Once I have the images I usually deconstruct them pretty thoroughly and use elements from many to create a new portrait. My paintings are almost never single individuals—they are cobbled together like Frankenstein’s monster from many human parts. At the same time I mash together multiple time periods and styles for an ambiguous historical moment or maybe an imagined future.
CA: Science fiction often creates an ambiguous historical moment—setting its narrative in the forgotten past as well as the imagined future. How do you understand your work in relationship to sci-fi?

Matt Borruso, Purple Suede Lederhosen, 2006, oil on canvas over panel, 52×36 in. Courtesy of the artist.
MB: I think it creeps in and out of the work visually, but maintains a constant presence in regards to my thought process. I like that sci-fi has traditionally been a devalued genre that passed under the radar of good taste and serious criticism, and while no one was looking managed to explore all kinds of bizarre scenarios. I am especially partial to post-apocalyptic films like Planet of the Apes or Omega Man and dystopian sci-fi films that take place in a “near future,” like Clockwork Orange, which now looks so ’70s glam. I also really like sci-fi that projects a future that wears out quickly, and this is a big theme in the work of Philip K. Dick. The elusive time frame, the alternate universe, and the entropy that sets in on objects, these are all inspirational sources. For instance, the 1964 New York World’s Fair site once represented a gleaming optimistic future but now lies in ruins, like part of an ancient civilization. Like I said, I think about this in terms of the dormant potential of found photos and consequently the paintings. These people showed so much promise, and then what happened to them? I’m intrigued by the possibility that things could go either way.
CA: Science fiction is hardly a devalued genre any longer. Do you think its mainstream acceptance has limited its ability to explore those bizarre scenarios?
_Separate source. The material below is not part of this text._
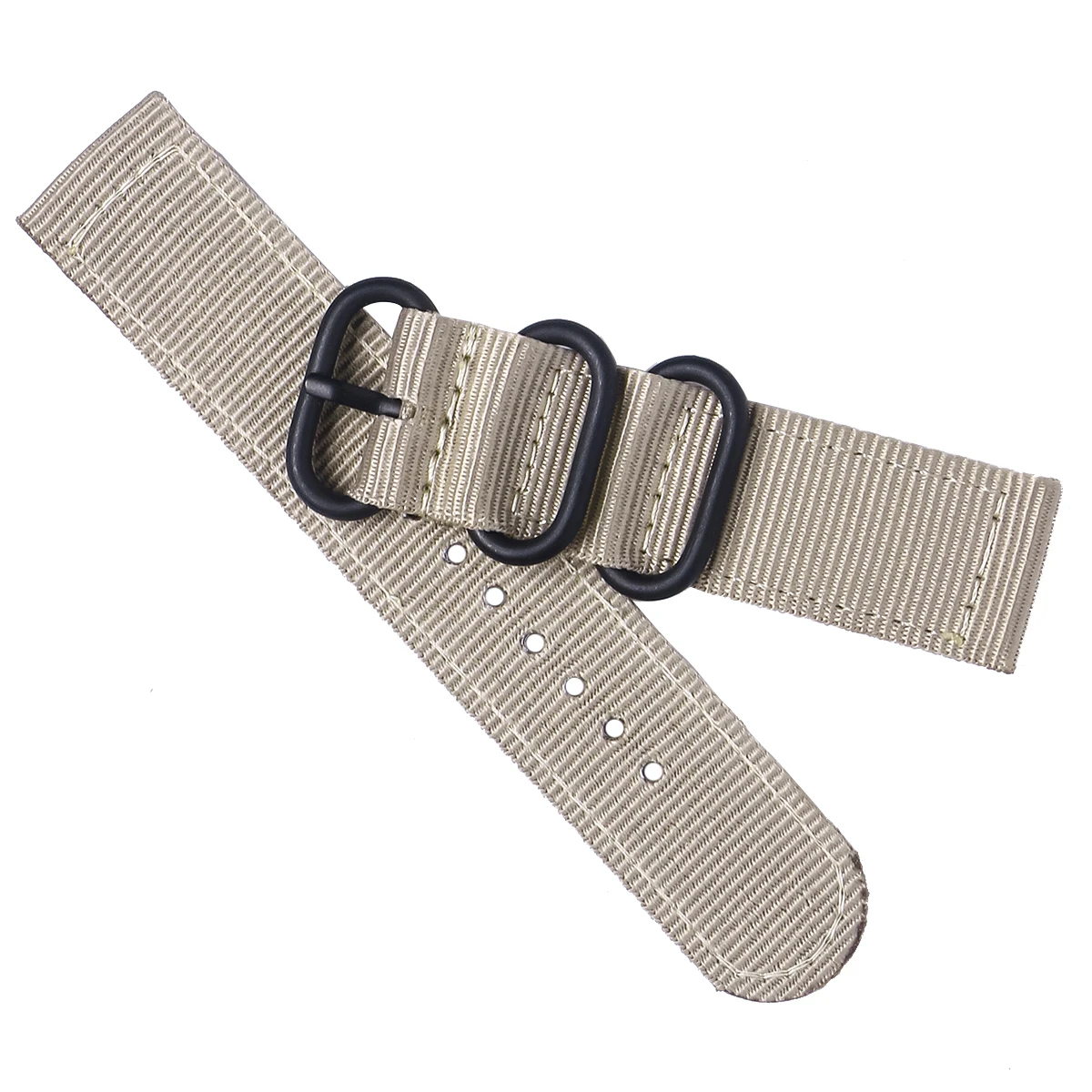 

22mm Watch Strap Webbing Durable 2-Joint Nylon Watch Band Wristband for Watch Replacement (Khaki with Black Buckle)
MB: Well yes and no…and I guess plenty of people would argue with the idea of its acceptance. Anyway, I think that someone like William Gibson manages to take a contemporary world and shift it slightly to show possible outcomes. And his books are great for locating subcultures and exposing them to a larger audience. The book Pattern Recognition comes to mind. But on the other side I think that traditional sci-fi no longer seems to exist—the rocket ships and the optimism. I think that sometimes now it is a genre that we look to for nostalgic reasons. Often it is the future of our childhoods, and these “bizarre scenarios” either provide some sort of comfort or they’re treated with a heavy irony. It seems to me like fifty years ago you could ask someone what the future would look like, and they would suggest something like robots and space age modernism. Twenty-five years ago it might have suggested the post apocalyptic landscape of Mad Max or The Road Warrior. Now it seems like the future looks like the present—like a collapsing of historical ideas of the future.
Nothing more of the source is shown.